There’s a line in The Lord of the Rings that might explain why I enjoy Kitty Hawk kits.  It comes when Aragorn is leading the army to the Black Gate (spoilers!) and some of the soldiers are overcome with horror.  Aragorn tells them that if they can’t face the Gate, then they can still be useful, since there is another strongpoint that he needs captured and defended.  Tolkien writes that some of them, seeing “a task within their measure” are encouraged and go to do this.  I think that’s what Kitty Hawk is to me: the stupidity and lack of QA makes a challenging build, but one that is “within my measure”, and upon doing a good job I feel like a modelling god.  Sad, but probably the case.  Whereas modern Revell kits for example require a degree of filling and sanding that is just beyond what I can be bothered to deal with.

Back to painting

It took nine hours to lay down the camo pattern.  It’s a big plane, and I have been trying to figure out how to get weathering started in the paint, before using oils and such.  I chose to do the Atlantic three-tone scheme on this one, because it shows up the rivet detail more than the Aubergine.  Since this kit has rivet detail, it got that scheme.
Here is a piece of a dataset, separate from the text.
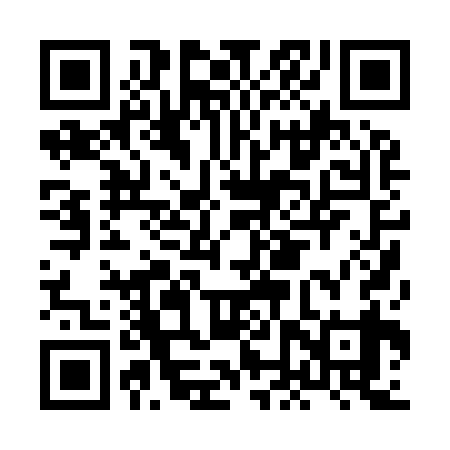 QR code for HNP939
The panel line darkening I did came out a bit strong.  It’s not a technique I’ve ever been comfortable with, and it showed why here.  Then with oils I first used the dry scrubbing technique that I had managed to make work in the past, and then used wet oils which I think would be the way forward if I could get to grips with them.  From what I saw on the Fw 190D-9 last time there is a lot of potential for this technique, if I can make it work.  I’m starting to see a few things that do and don’t work, so it’s just a case of practicing and trying to figure it out.
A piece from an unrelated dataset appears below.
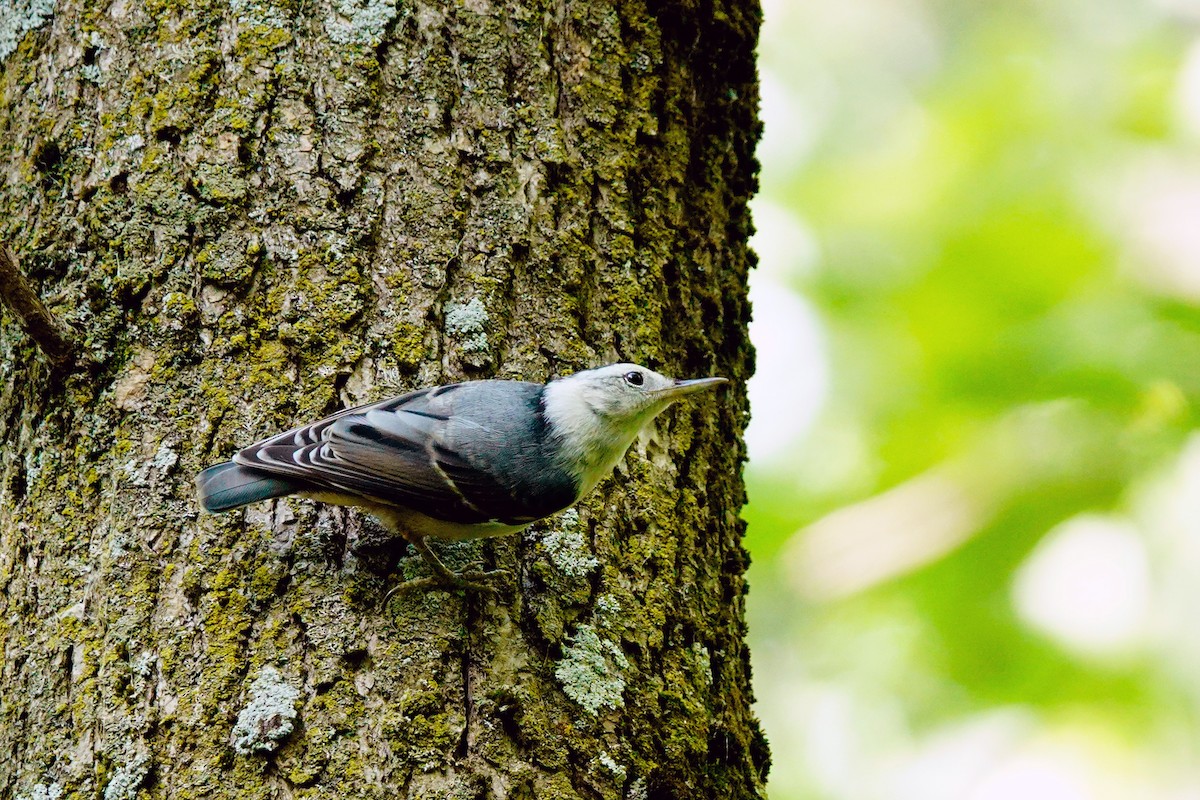 White-breasted Nuthatch - ML620865403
I chose to arm my Su-34 for a precision strike into defended airspace, though from lack of operational or training references it had to be a bit of a guess, and the limited numbers of each type provided mean there is more variety than you probably see on the real thing.  This uses an array of air-to-air missiles, two huge bunker busters under the inboard stations, and a pair of anti-radar missiles under the intake tunnels.  I tried to vary the look a little with different colours on the radomes.  Unfortunately most photos I could find of loadouts or ordnance were inert display models that don’t feel representative.

Overall, I think this build is another step in the right direction.  I’ve been trying to take onboard the idea of allowing the paint job to look bad at each stage, instead of following my instinct to make each stage look as good as possible.  The theory is that this should allow more variation and depth to the finish, as each layer contributes rather than having to do the whole job.  One result of this that is immediately apparent on looking at the model is that the variation multiplies with each layer, so a technique that gives a nice look when you’ve done an overly flat base now makes a very prominent effect indeed.  That means I need to work on getting more subtle with the technique I previously used to give effect: those final oil layers become more about getting everything to blend together nicely.

In other words, it came out a bit more “artistic” than the realistic look I would prefer.  A bit overdone, and clearly a lot of work still needed to refine techniques and get more control.  Still, it looks nice.